I have a regex that has multiple match groups.
How in snowflake do I specify which match group to return?
I'm using REGEXP_SUBSTR
but happy to use alternatives if they work better.
TL;DR: Can't do exactly that, but you can the 'e'
option and use non-capturing groups with (?:re)
.
So to clarify, it seems Neil is asking for something that would return word
for
select regexp_substr('bird is the word','(bird) (is) (the) (word)',1,4)

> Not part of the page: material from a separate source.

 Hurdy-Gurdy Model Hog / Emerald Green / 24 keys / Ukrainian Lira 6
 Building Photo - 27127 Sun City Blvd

Unfortunately, I don't think Snowflake supports exactly this functionality today. There is an 'e'
(extract) parameter to REGEXP_SUBSTR, which allows you to extract a group only, but it always extracts the first group. The reason for that is that the occurrence
parameter today means occurrence of the entire regexp in the string. Example
select regexp_substr('bird is cows are','([a-z]*) (is|are)',1,2,'e');
=> cows
You can achieve what you want by not using grouping for the groups before what you want, e.g.

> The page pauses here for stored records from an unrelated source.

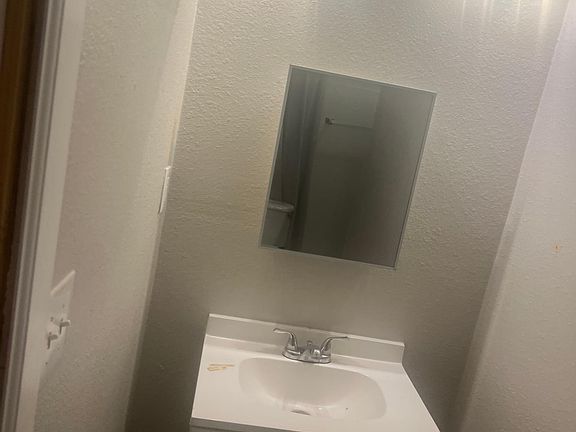 5th image of 401 Oasis Dr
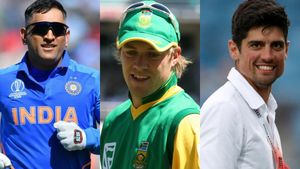 தோனிக்கு ஏன் தரவில்லை? ஏபி டிவில்லியர்ஸ், அலெஸ்டர் குக்- Hall of Fame வழங்கி கவுரவித்த ஐசிசி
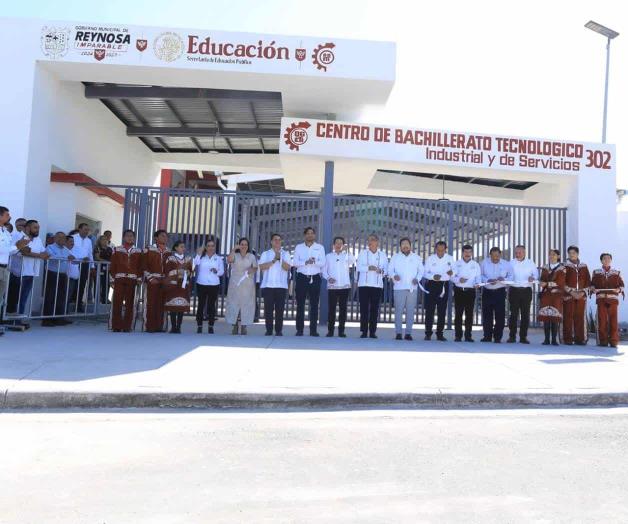 Américo Villarreal y Mario Delgado Carrillo inauguran CBTIS 302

select regexp_substr('bird is the word','bird (is) (the) (word)',1,1,'e');
-> is
select regexp_substr('bird is the word','bird is the (word)',1,1,'e');
-> word
However, that doesn't work if you want to use grouping for expressing alternatives, e.g.
select regexp_substr('cow is the word','(bird|cow) is the (word)',1,1,'e');
-> cow
Still, I see there would be value in providing an option to extract a particular group number, will raise it with Snowflake development :)